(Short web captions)

____________________

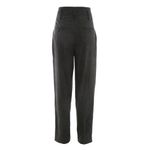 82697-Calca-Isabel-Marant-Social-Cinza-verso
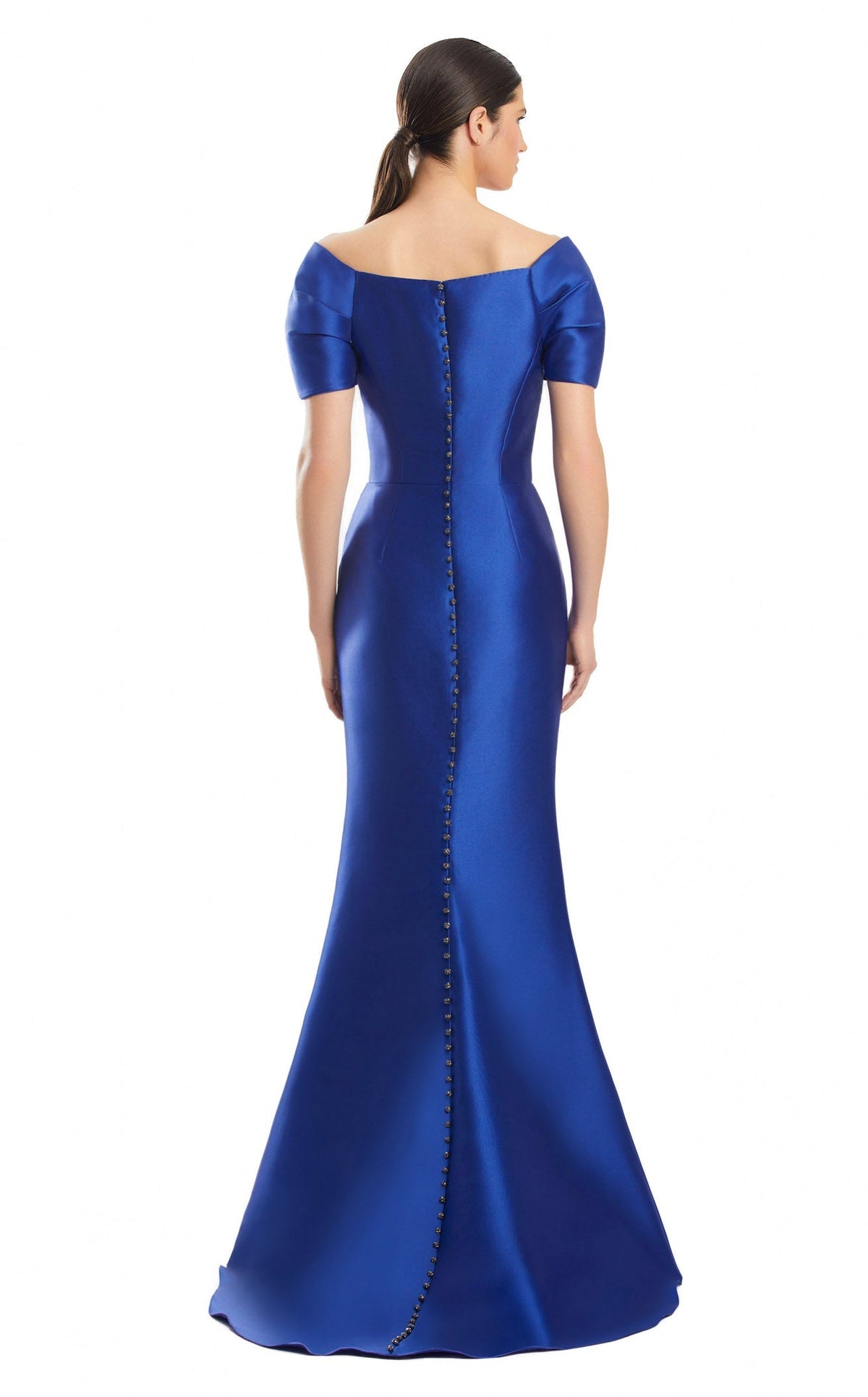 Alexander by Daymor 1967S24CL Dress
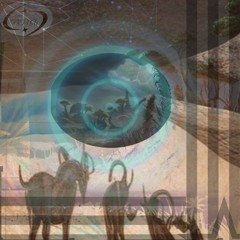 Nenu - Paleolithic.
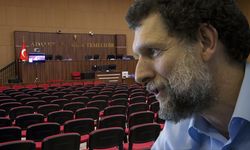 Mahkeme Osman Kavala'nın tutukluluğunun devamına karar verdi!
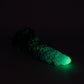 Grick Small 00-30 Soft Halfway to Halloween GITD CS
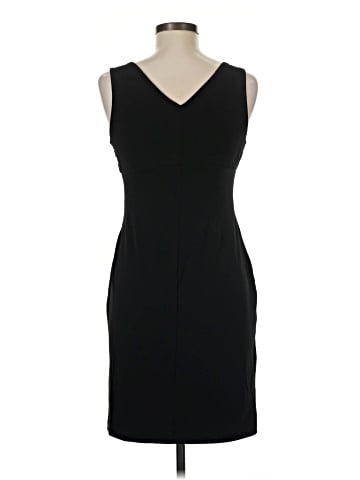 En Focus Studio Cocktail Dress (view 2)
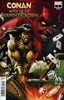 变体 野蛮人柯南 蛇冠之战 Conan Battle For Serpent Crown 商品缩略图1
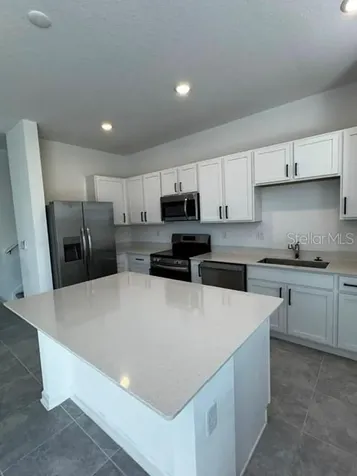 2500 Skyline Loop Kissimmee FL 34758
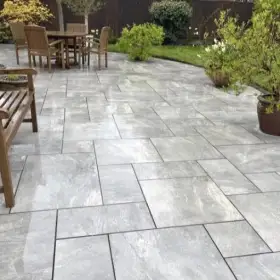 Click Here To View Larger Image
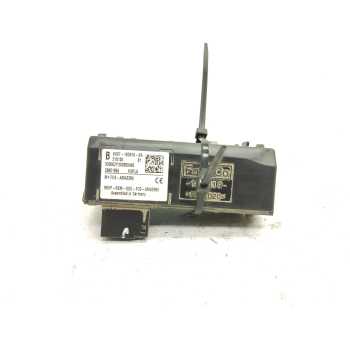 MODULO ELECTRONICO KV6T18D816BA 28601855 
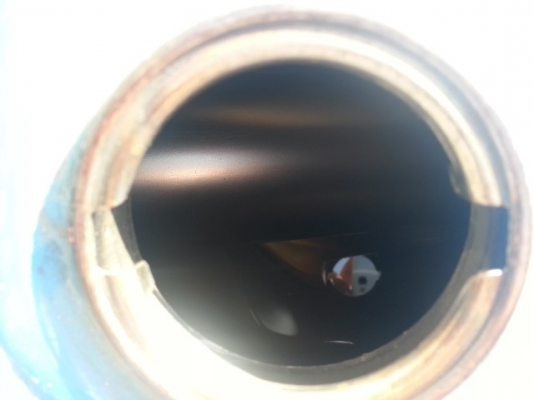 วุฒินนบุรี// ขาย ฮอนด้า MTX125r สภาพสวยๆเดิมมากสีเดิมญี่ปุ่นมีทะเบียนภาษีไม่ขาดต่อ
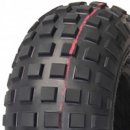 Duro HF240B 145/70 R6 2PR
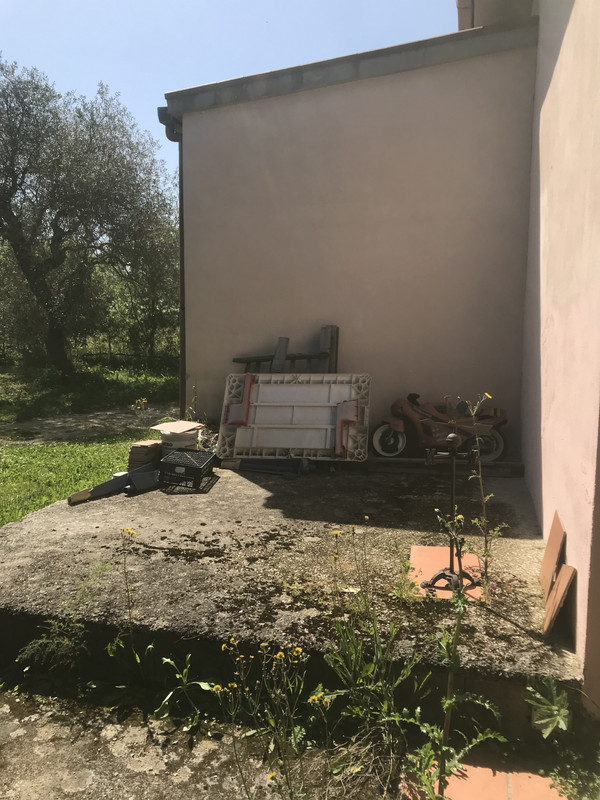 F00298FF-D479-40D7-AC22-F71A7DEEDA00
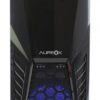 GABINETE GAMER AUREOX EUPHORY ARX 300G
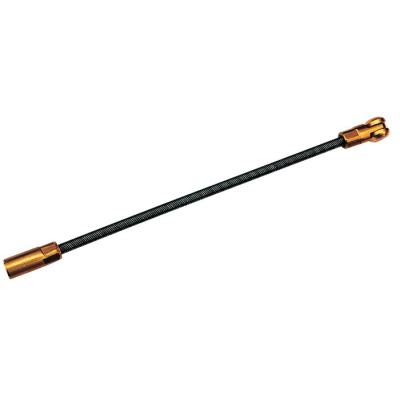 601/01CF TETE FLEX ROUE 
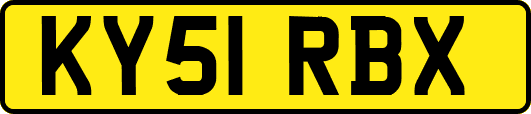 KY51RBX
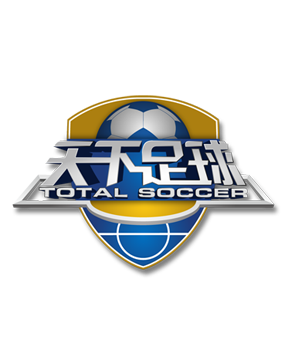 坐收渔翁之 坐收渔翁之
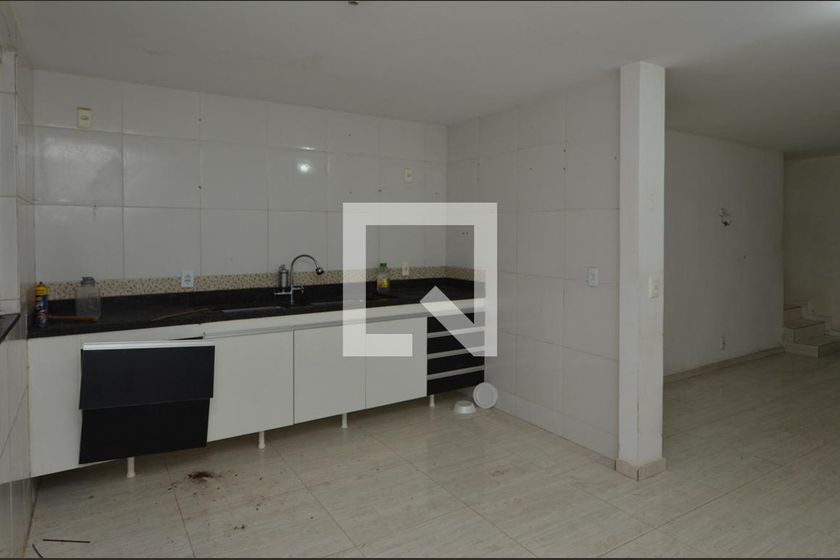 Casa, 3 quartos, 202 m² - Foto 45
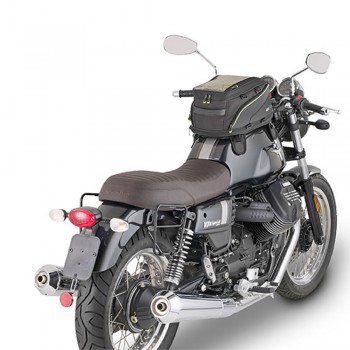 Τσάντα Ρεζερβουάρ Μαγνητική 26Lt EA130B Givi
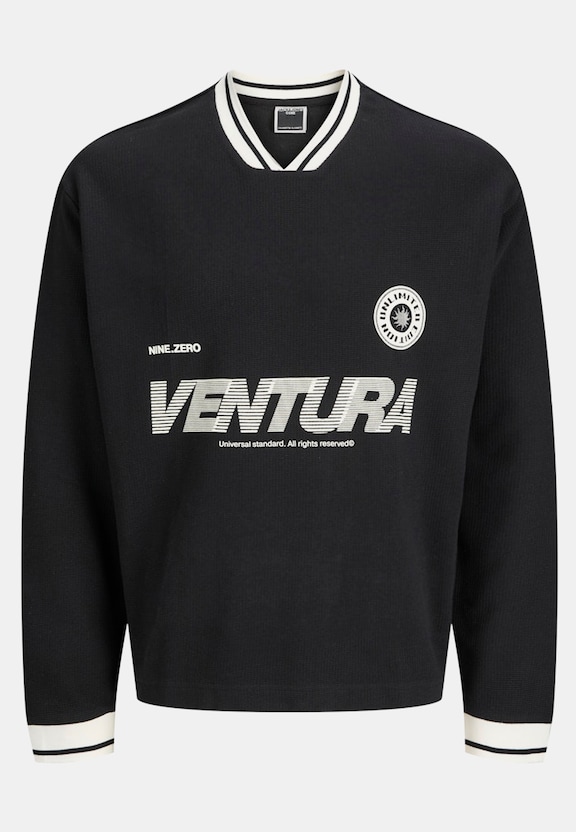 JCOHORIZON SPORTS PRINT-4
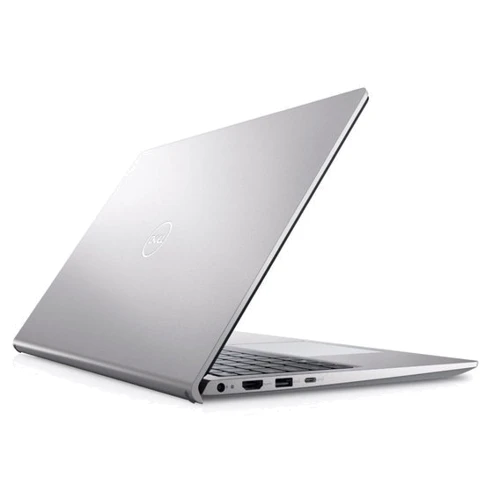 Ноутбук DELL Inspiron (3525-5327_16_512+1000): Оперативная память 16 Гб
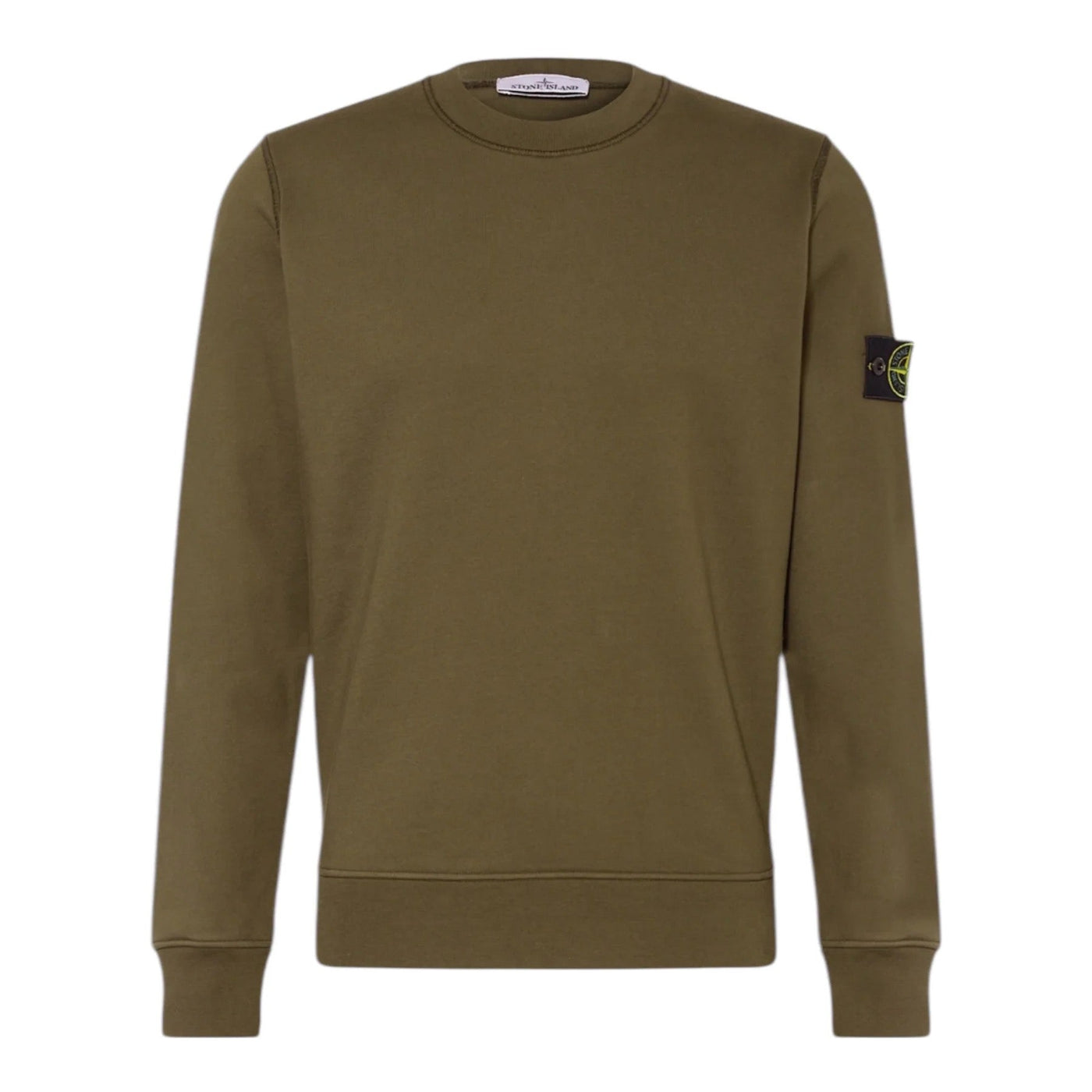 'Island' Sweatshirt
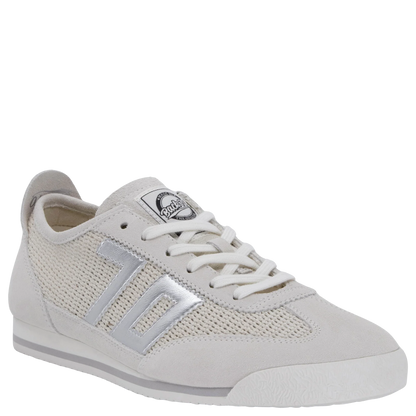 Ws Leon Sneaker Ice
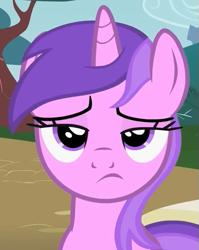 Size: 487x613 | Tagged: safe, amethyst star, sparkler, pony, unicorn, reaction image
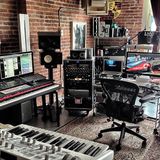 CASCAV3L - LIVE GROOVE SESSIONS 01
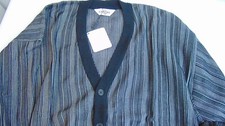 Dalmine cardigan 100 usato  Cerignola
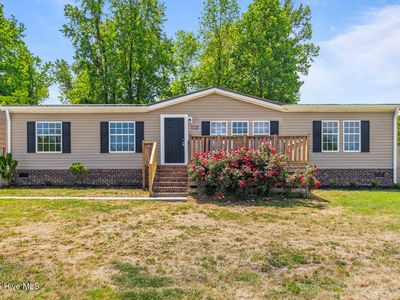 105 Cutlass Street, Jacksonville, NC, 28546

____________________

# TASK BRIEF:
Output every line of the records exactly, excluding all pictures.

# RESULT BELOW:
 82697-Calca-Isabel-Marant-Social-Cinza-verso
 Alexander by Daymor 1967S24CL Dress
 Nenu - Paleolithic.
 Mahkeme Osman Kavala'nın tutukluluğunun devamına karar verdi!
 Grick Small 00-30 Soft Halfway to Halloween GITD CS
 En Focus Studio Cocktail Dress (view 2)
 变体 野蛮人柯南 蛇冠之战 Conan Battle For Serpent Crown 商品缩略图1
 2500 Skyline Loop Kissimmee FL 34758
 Click Here To View Larger Image
 MODULO ELECTRONICO KV6T18D816BA 28601855 
 วุฒินนบุรี// ขาย ฮอนด้า MTX125r สภาพสวยๆเดิมมากสีเดิมญี่ปุ่นมีทะเบียนภาษีไม่ขาดต่อ
 Duro HF240B 145/70 R6 2PR
 F00298FF-D479-40D7-AC22-F71A7DEEDA00
 GABINETE GAMER AUREOX EUPHORY ARX 300G
 601/01CF TETE FLEX ROUE 
 KY51RBX
 坐收渔翁之 坐收渔翁之
 Casa, 3 quartos, 202 m² - Foto 45
 Τσάντα Ρεζερβουάρ Μαγνητική 26Lt EA130B Givi
 JCOHORIZON SPORTS PRINT-4
 Ноутбук DELL Inspiron (3525-5327_16_512+1000): Оперативная память 16 Гб
 'Island' Sweatshirt
 Ws Leon Sneaker Ice
 Size: 487x613 | Tagged: safe, amethyst star, sparkler, pony, unicorn, reaction image
 CASCAV3L - LIVE GROOVE SESSIONS 01
 Dalmine cardigan 100 usato  Cerignola
 105 Cutlass Street, Jacksonville, NC, 28546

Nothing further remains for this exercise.